In NRW sorgte Hochdruckeinfluss für ruhiges und mildes Wetter mit viel Sonnenschein zum Start in die Woche. Das gilt auch noch für den kompletten Donnerstag (9. April) so.
Am Abend nähert sich von Westen dann ein Tiefausläufer, der bis Freitagmorgen über das Land zieht und feuchtere sowie kühlere Luft bringt.

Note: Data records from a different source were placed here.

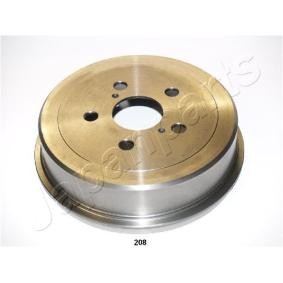 Bremstrommel TA-208 von JAPANPARTS günstig für 52,81 € online kaufen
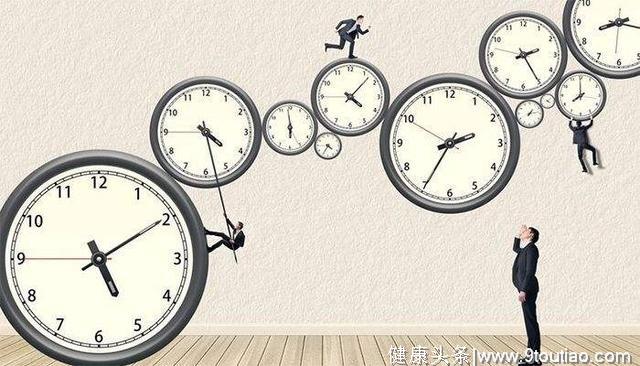 时间管理可以注定你一生的命运，推荐的时间管理小技巧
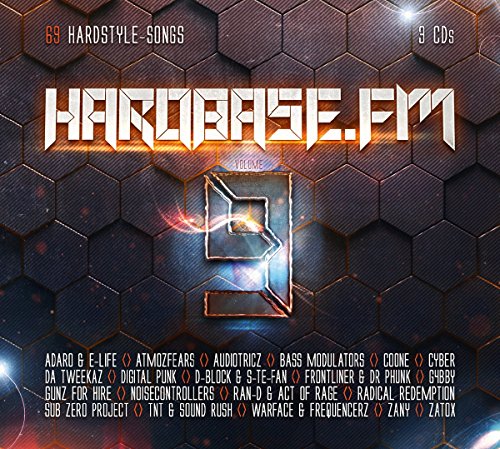 Various Artists - HardBase.FM Vol. 9
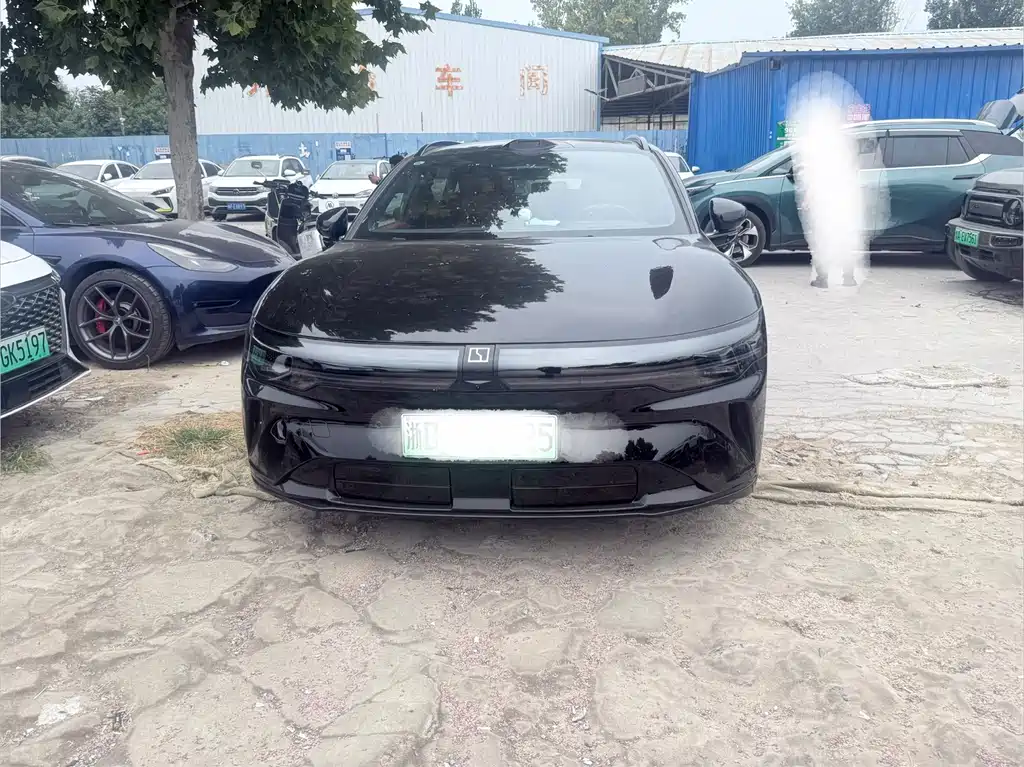 Zeekr 007GT — миниатюра 2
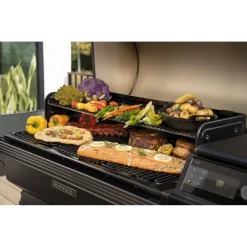 Best Traeger Pellettigrilli Ironwood XL Int, WiFi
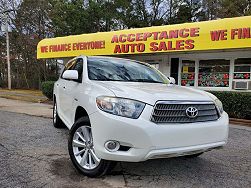 2008 Toyota Highlander Limited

Tagsüber ziehen Schleierwolken durch, im Osten teils dichter, insgesamt bleibt es aber zeitweise sonnig. Am Abend verdichtet sich die Bewölkung von Westen her. Im Nordwesten sind erste Schauer sowie einzelne Gewitter nicht ausgeschlossen. Die Höchsttemperaturen liegen bei etwa 17 Grad in Ostwestfalen und bis zu 23 Grad im Rheinland.
In der Nacht zum Freitag ist es stark bewölkt. Von West nach Ost zieht schauerartiger Regen durch, vereinzelt treten Gewitter auf. Dabei sind starke bis stürmische Böen zwischen 55 und 65 km/h möglich. Auch abseits von Gewittern frischt der Wind mit Drehung von Süd auf Nordwest böig auf.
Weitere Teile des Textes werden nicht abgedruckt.